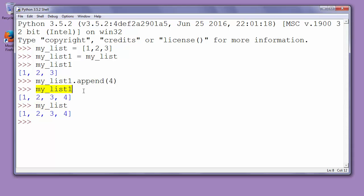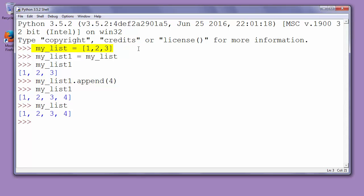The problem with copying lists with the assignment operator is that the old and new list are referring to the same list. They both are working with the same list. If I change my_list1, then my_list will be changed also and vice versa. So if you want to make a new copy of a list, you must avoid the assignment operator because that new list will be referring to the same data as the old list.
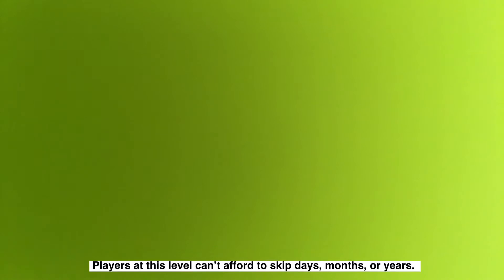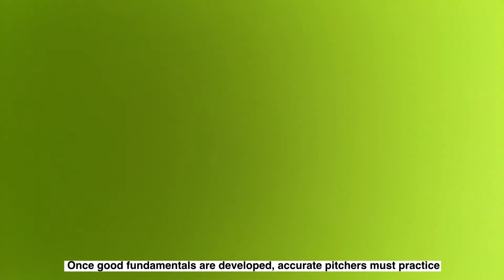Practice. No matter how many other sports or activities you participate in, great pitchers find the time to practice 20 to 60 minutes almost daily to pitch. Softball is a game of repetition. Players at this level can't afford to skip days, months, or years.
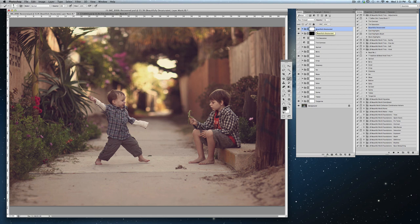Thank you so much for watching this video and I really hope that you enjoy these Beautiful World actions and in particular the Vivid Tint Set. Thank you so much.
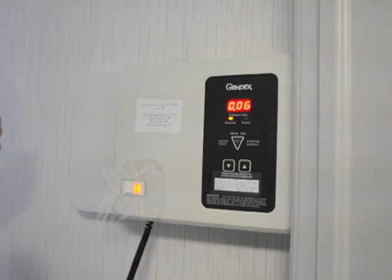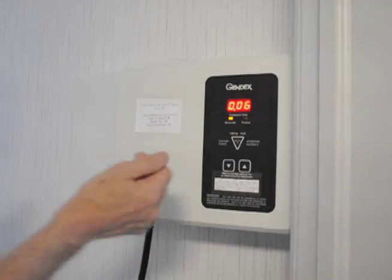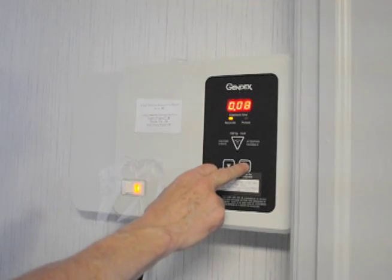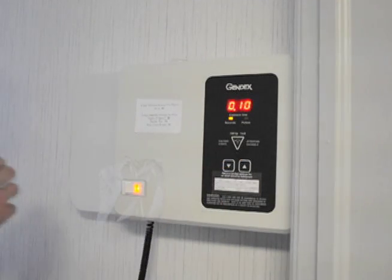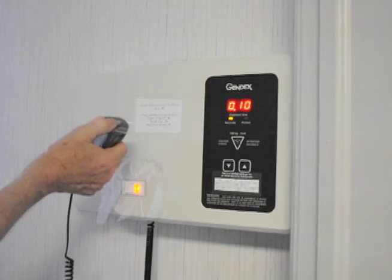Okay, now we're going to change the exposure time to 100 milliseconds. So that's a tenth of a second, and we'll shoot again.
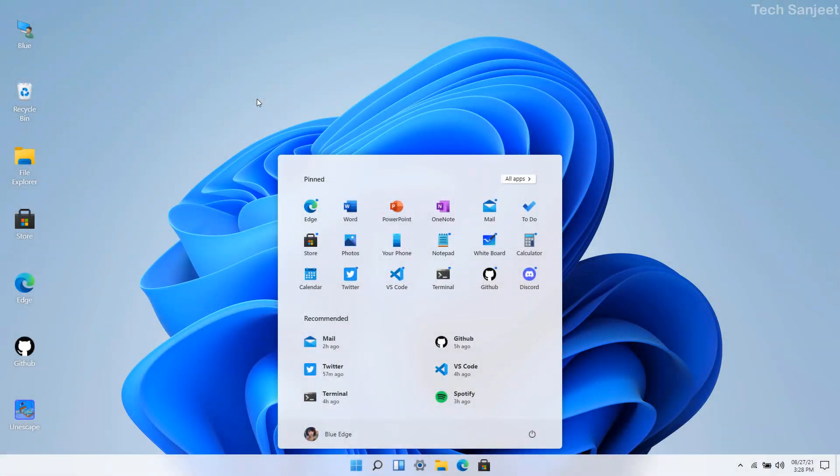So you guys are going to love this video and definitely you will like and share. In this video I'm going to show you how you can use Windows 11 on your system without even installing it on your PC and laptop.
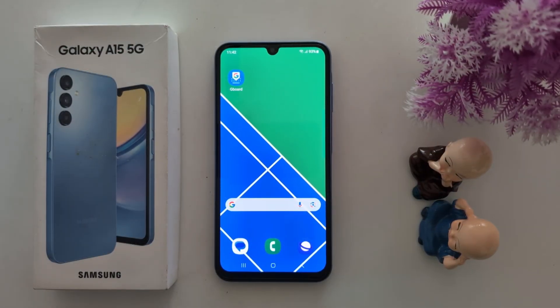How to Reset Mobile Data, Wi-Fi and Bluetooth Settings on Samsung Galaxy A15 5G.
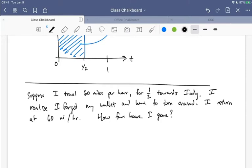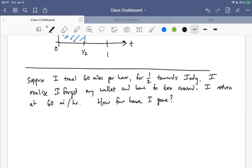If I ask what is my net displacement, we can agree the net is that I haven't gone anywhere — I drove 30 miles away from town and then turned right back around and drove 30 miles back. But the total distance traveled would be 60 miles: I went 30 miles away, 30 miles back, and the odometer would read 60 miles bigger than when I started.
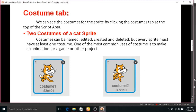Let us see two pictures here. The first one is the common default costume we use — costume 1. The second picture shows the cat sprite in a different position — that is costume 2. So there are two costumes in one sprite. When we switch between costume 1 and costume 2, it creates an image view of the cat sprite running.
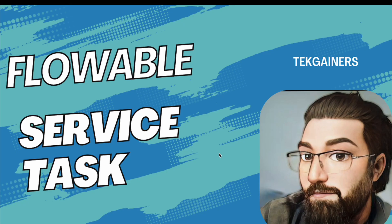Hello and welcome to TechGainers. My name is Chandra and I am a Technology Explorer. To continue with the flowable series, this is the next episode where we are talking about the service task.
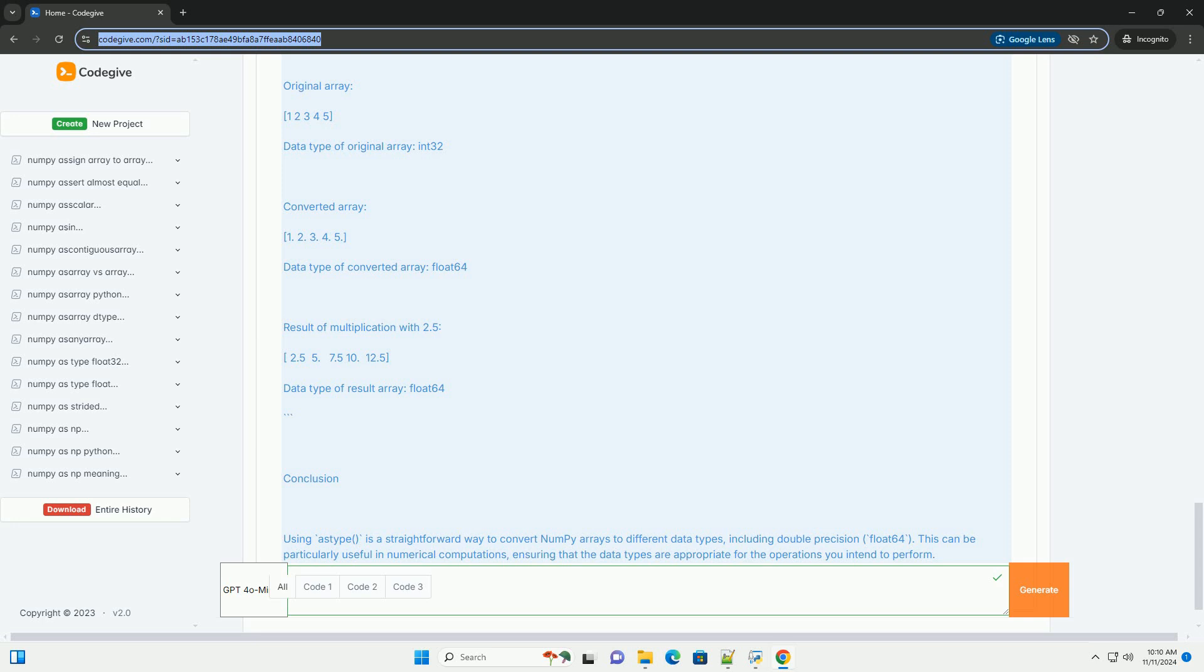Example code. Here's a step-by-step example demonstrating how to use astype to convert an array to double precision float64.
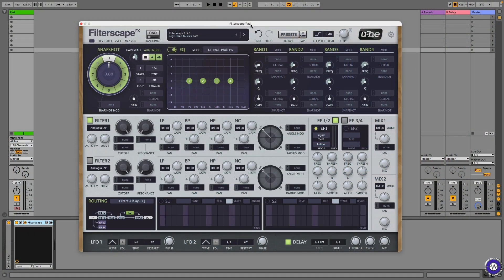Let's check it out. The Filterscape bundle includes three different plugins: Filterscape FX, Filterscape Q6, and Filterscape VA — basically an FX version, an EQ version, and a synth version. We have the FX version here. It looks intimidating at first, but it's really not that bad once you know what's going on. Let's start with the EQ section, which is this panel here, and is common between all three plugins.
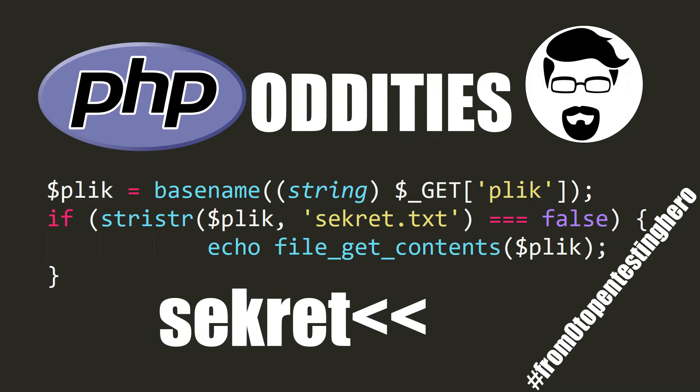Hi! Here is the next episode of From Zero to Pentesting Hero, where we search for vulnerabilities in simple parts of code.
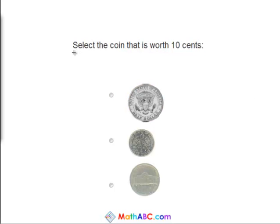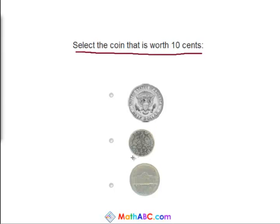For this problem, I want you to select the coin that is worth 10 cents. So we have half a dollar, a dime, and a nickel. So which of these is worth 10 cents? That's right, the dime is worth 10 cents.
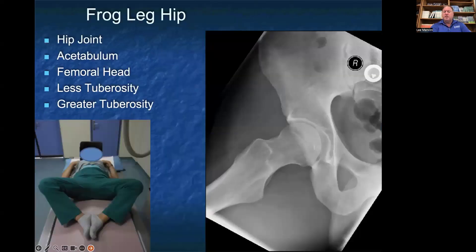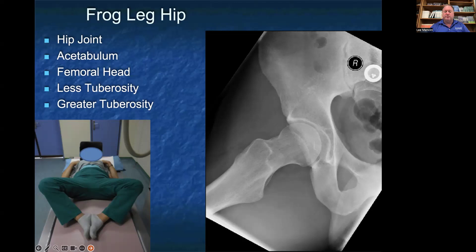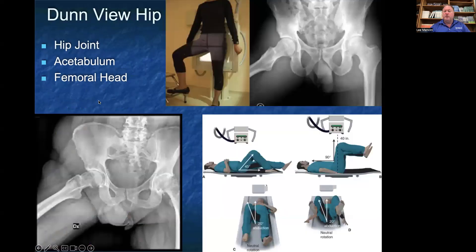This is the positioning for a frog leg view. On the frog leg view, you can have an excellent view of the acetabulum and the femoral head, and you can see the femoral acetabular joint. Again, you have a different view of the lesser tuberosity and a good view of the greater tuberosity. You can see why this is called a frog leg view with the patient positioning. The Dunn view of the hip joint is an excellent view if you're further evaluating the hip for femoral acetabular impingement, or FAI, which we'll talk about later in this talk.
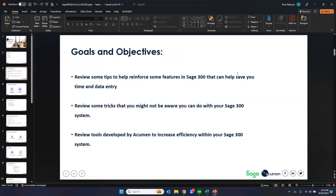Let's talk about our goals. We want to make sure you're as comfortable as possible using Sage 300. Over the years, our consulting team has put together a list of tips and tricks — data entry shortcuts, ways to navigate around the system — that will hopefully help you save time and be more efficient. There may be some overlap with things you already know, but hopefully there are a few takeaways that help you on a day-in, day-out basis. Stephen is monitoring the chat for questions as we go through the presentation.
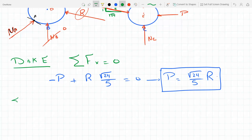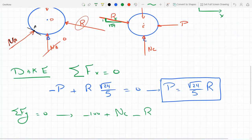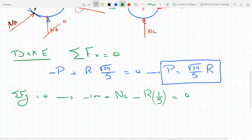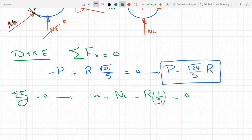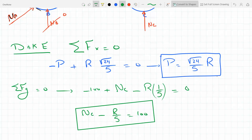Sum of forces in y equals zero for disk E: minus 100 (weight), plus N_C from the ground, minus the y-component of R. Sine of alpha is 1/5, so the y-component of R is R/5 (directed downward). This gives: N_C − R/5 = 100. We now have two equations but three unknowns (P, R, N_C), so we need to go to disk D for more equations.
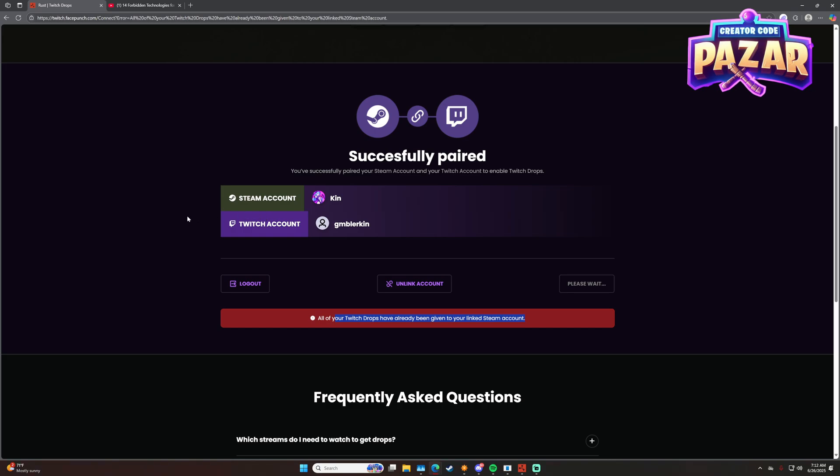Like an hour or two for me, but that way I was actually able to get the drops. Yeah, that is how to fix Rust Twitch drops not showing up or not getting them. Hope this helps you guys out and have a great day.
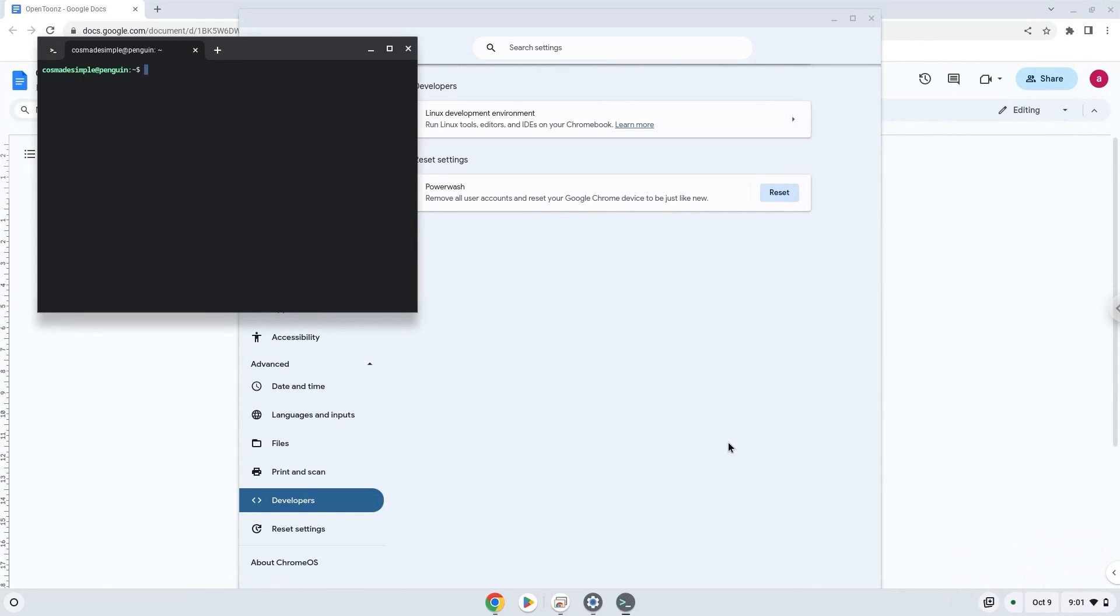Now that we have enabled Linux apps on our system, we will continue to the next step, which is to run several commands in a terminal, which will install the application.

## ASSIGNMENT
In the data above, find the line containing "Let us see two" and the line containing "Example code. Here's". Repeat those two lines and everything between them exactly, minus the pictures.

## RESULT OF THIS TASK
Let us see two pictures here. The first one is the common default costume we use — costume 1. The second picture shows the cat sprite in a different position — that is costume 2. So there are two costumes in one sprite. When we switch between costume 1 and costume 2, it creates an image view of the cat sprite running.
Hello and welcome to TechGainers. My name is Chandra and I am a Technology Explorer. To continue with the flowable series, this is the next episode where we are talking about the service task.
Example code. Here's a step-by-step example demonstrating how to use astype to convert an array to double precision float64.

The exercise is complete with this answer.